La durabilité à chaque étage: une visite à DomaHabitare, un logement écologique
Juillet 2022. Seule une poignée des habitants de DomaHabitare sont chez eux en cet après-midi caniculaire. Mais Jacqueline Menth et Daniel Béguin, les piliers de la coopérative, sont bien présents. Le projet a germé dans leur tête en 2003 déjà. Après de nombreux obstacles et péripéties, l’édifice est sorti de terre en 2018.
Il a été bâti en autoconstruction et il répond à des critères écologiques exigents: on y produit un minimum de déchets ; l’énergie est utilisée de façon optimale; on prête attention au cycle de vie de chaque élément de la construction, depuis la conception jusqu’a la démolition; et on favorise la biodiversité, avec un potager 100 % naturel ainsi que des nichoirs a martinets.
La construction durable gagne du terrain
Construire en pensant à la déconstruction est une tendance qui concerne aussi les grands noms de l’architecture qui construisent eux aussi de plus en plus de façon écologique. C’est le cas, par exemple, de Herzog et de Meuron avec le projet Hortus à Allschwil, près de Bâle. Cet immeuble de bureaux relève le défi de compenser l’énergie grise due à la construction après trente ans environ. En plus, chaque composant peut être réutilisé si le bâtiment doit être détruit.
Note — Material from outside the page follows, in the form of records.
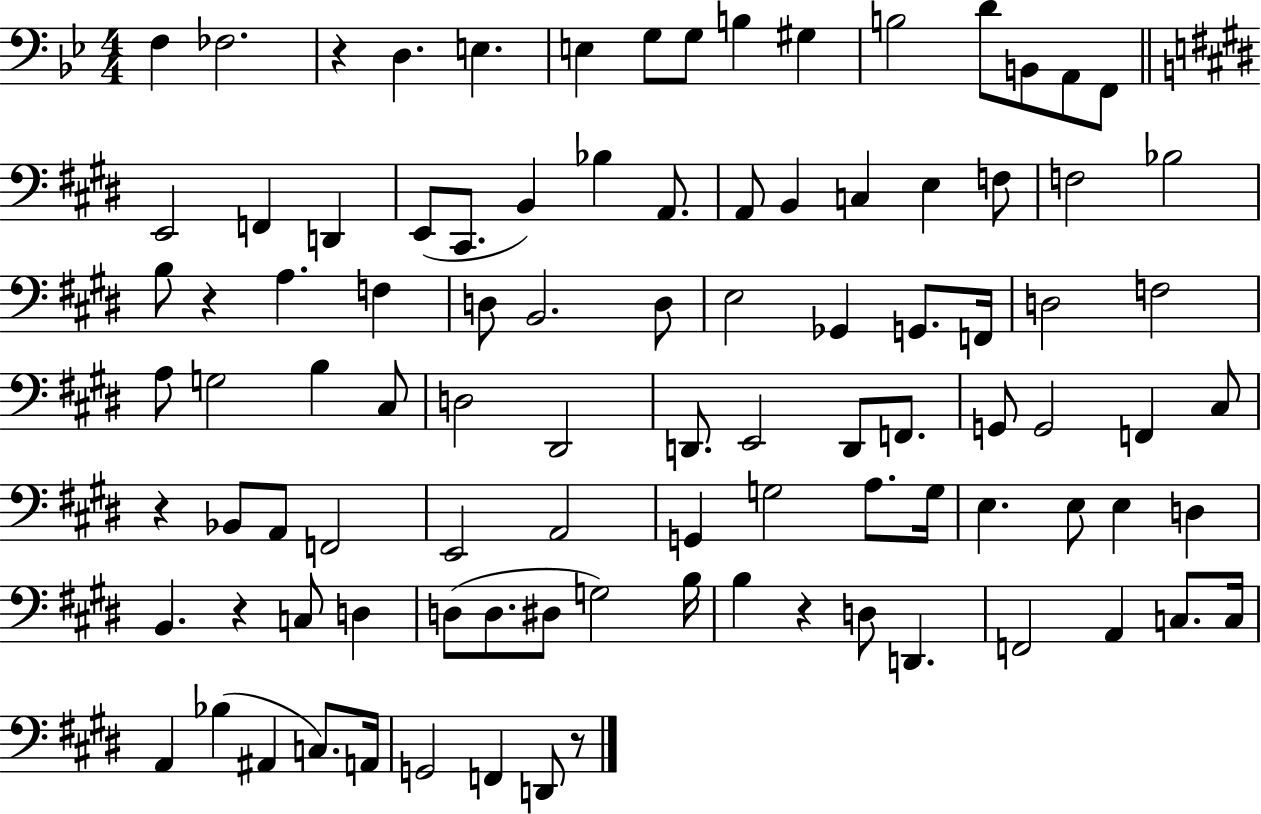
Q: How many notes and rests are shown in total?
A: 97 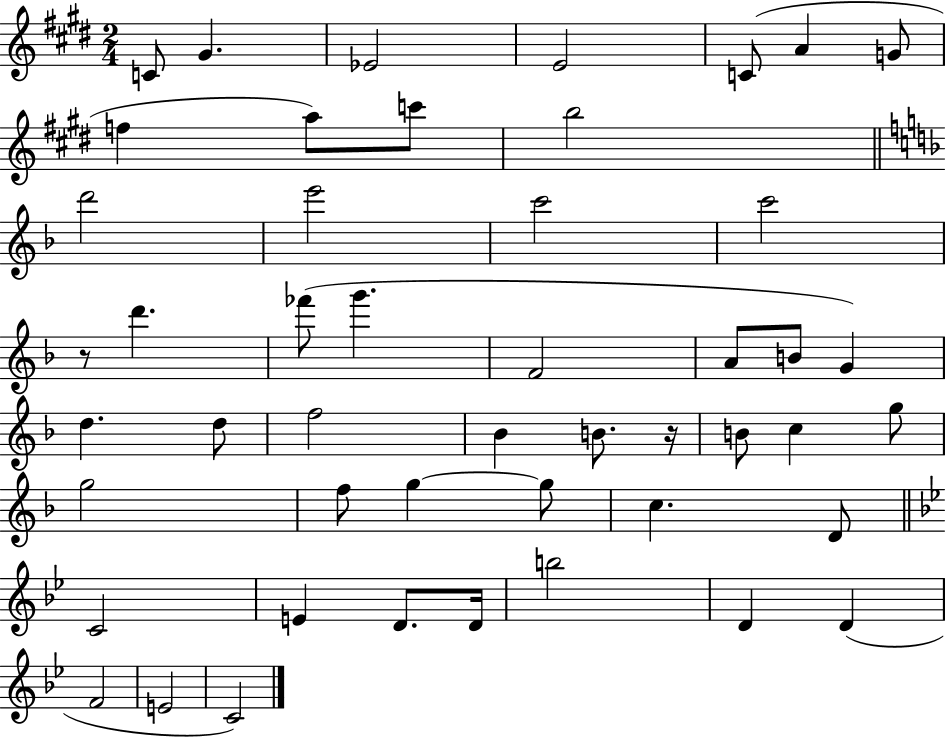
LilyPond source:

{
  \clef treble
  \numericTimeSignature
  \time 2/4
  \key e \major
  c'8 gis'4. | ees'2 | e'2 | c'8( a'4 g'8 | \break f''4 a''8) c'''8 | b''2 | \bar "||" \break \key d \minor d'''2 | e'''2 | c'''2 | c'''2 | \break r8 d'''4. | fes'''8( g'''4. | f'2 | a'8 b'8 g'4) | \break d''4. d''8 | f''2 | bes'4 b'8. r16 | b'8 c''4 g''8 | \break g''2 | f''8 g''4~~ g''8 | c''4. d'8 | \bar "||" \break \key bes \major c'2 | e'4 d'8. d'16 | b''2 | d'4 d'4( | \break f'2 | e'2 | c'2) | \bar "|."
} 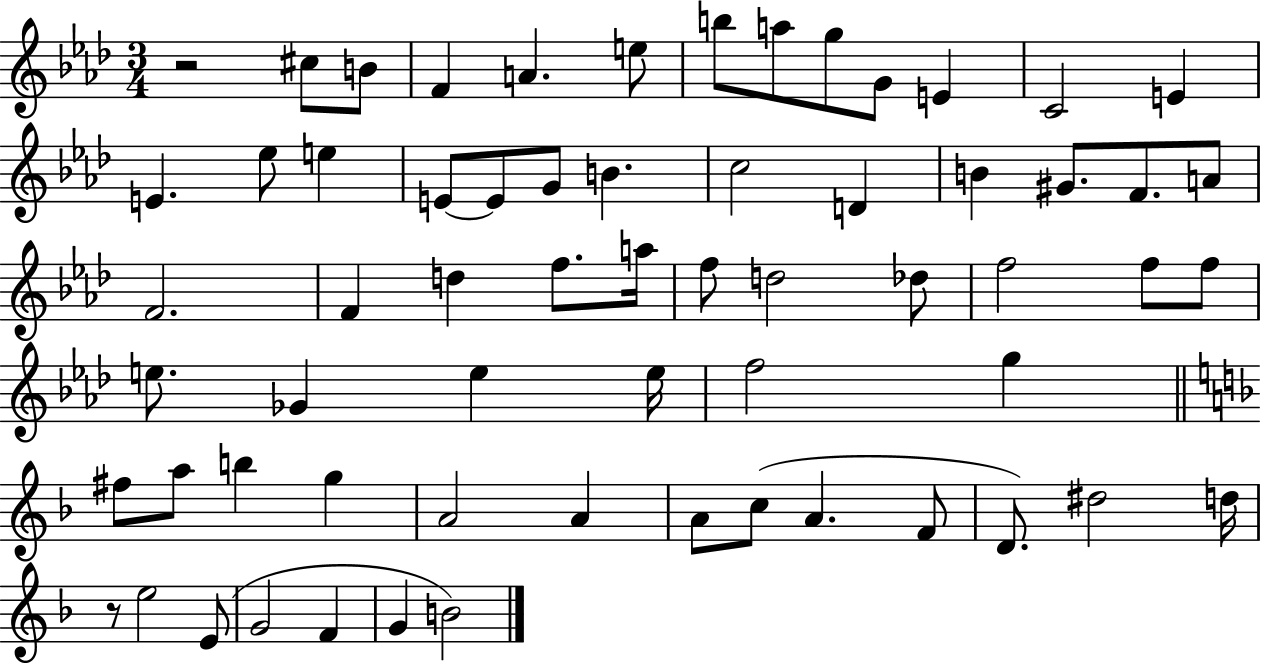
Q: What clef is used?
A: treble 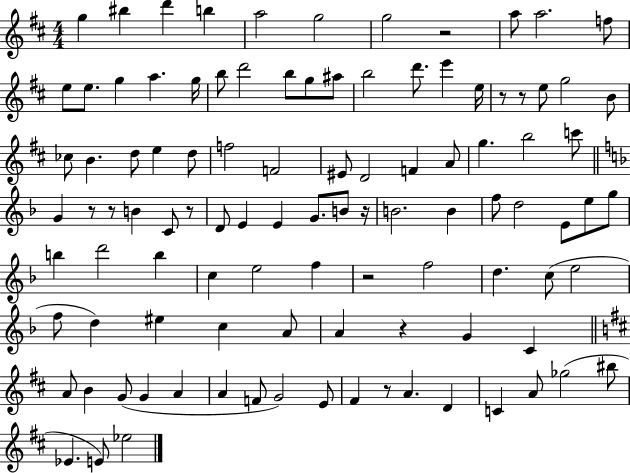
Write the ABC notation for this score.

X:1
T:Untitled
M:4/4
L:1/4
K:D
g ^b d' b a2 g2 g2 z2 a/2 a2 f/2 e/2 e/2 g a g/4 b/2 d'2 b/2 g/2 ^a/2 b2 d'/2 e' e/4 z/2 z/2 e/2 g2 B/2 _c/2 B d/2 e d/2 f2 F2 ^E/2 D2 F A/2 g b2 c'/2 G z/2 z/2 B C/2 z/2 D/2 E E G/2 B/2 z/4 B2 B f/2 d2 E/2 e/2 g/2 b d'2 b c e2 f z2 f2 d c/2 e2 f/2 d ^e c A/2 A z G C A/2 B G/2 G A A F/2 G2 E/2 ^F z/2 A D C A/2 _g2 ^b/2 _E E/2 _e2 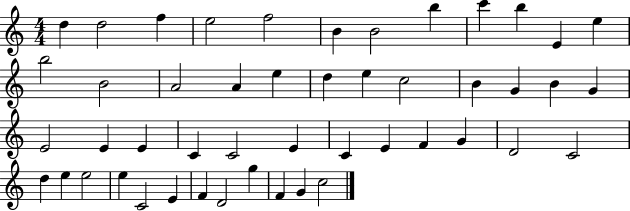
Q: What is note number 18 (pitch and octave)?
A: D5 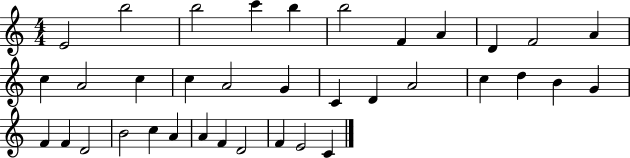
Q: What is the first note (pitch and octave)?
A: E4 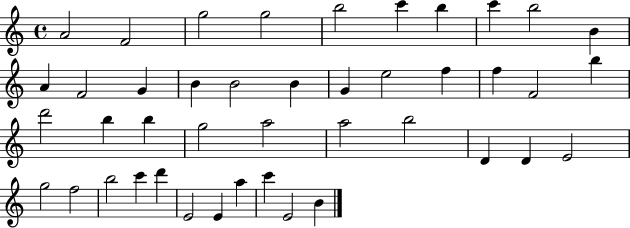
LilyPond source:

{
  \clef treble
  \time 4/4
  \defaultTimeSignature
  \key c \major
  a'2 f'2 | g''2 g''2 | b''2 c'''4 b''4 | c'''4 b''2 b'4 | \break a'4 f'2 g'4 | b'4 b'2 b'4 | g'4 e''2 f''4 | f''4 f'2 b''4 | \break d'''2 b''4 b''4 | g''2 a''2 | a''2 b''2 | d'4 d'4 e'2 | \break g''2 f''2 | b''2 c'''4 d'''4 | e'2 e'4 a''4 | c'''4 e'2 b'4 | \break \bar "|."
} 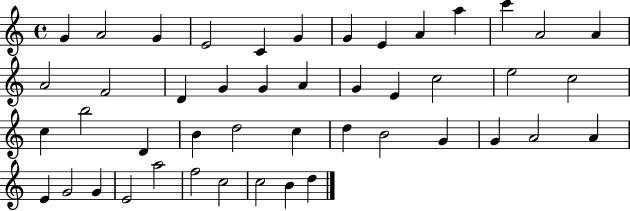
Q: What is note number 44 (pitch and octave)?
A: C5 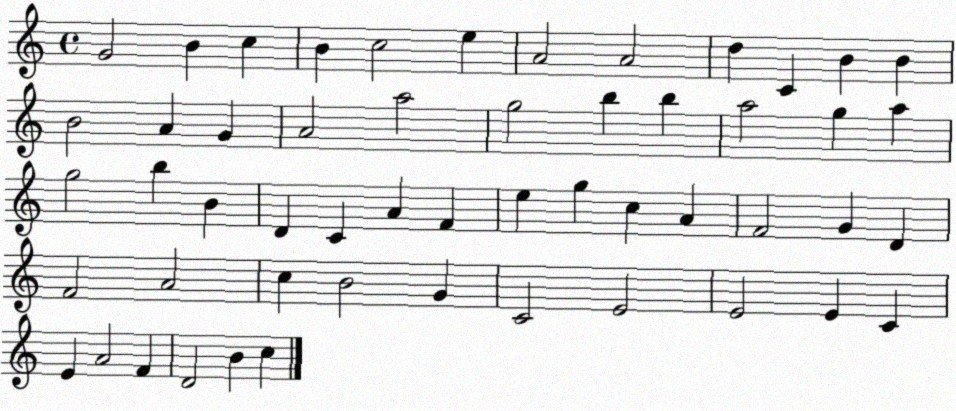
X:1
T:Untitled
M:4/4
L:1/4
K:C
G2 B c B c2 e A2 A2 d C B B B2 A G A2 a2 g2 b b a2 g a g2 b B D C A F e g c A F2 G D F2 A2 c B2 G C2 E2 E2 E C E A2 F D2 B c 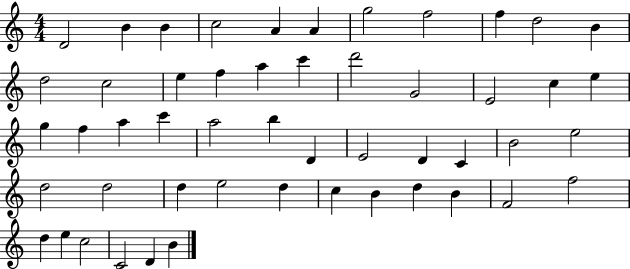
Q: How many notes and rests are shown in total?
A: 51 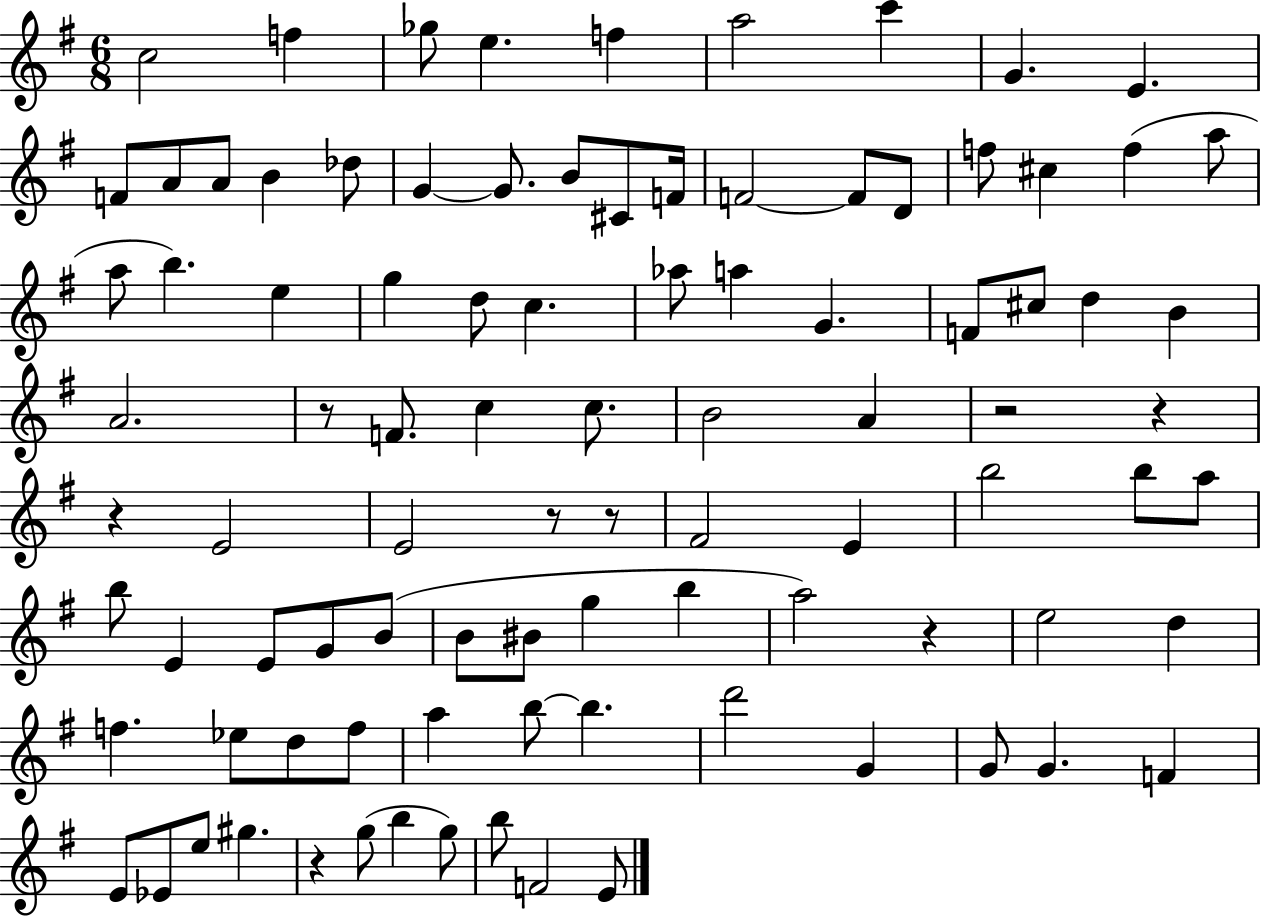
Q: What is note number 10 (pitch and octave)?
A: F4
Pour le projet Doma Habitare un grand soin a également été apporté au choix initial des matériaux: pierres naturelles pour le mur de soutènement, terre crue moulée provenant des déchets d’excavation pour les cloisons intérieures, et bois de la région pour l’ossature, le revêtement en tavillons de la façade et une partie des murs porteurs. «En ce qui concerne le bois d’œuvre, pas plus de 40 km ont été parcourus entre le sapin, l’atelier du charpentier et le chantier», explique Daniel Béguin. Ces matériaux de construction génèrent également moins d’énergie grise que l’acier et le béton.
Autre point important, les matériaux de seconde main sont privilégiés pour s’inscrire dans une économie circulaire: fenêtres, portes, sols (dallages, parquet) et éléments de salle de bain. Près de la moitié de la surface transparente de la double enveloppe est composée de fenêtres de récupération. «Nous avons aussi réfléchi au cycle de vie complet de la construction jusqu’a la déconstruction: le bâtiment se laissera démonter simplement; les briques en terre crue ne sont pas maçonnées mais posées les unes sur les autres, comme des Lego», détaille Daniel Béguin. Les matériaux sont ainsi facilement réutilisables.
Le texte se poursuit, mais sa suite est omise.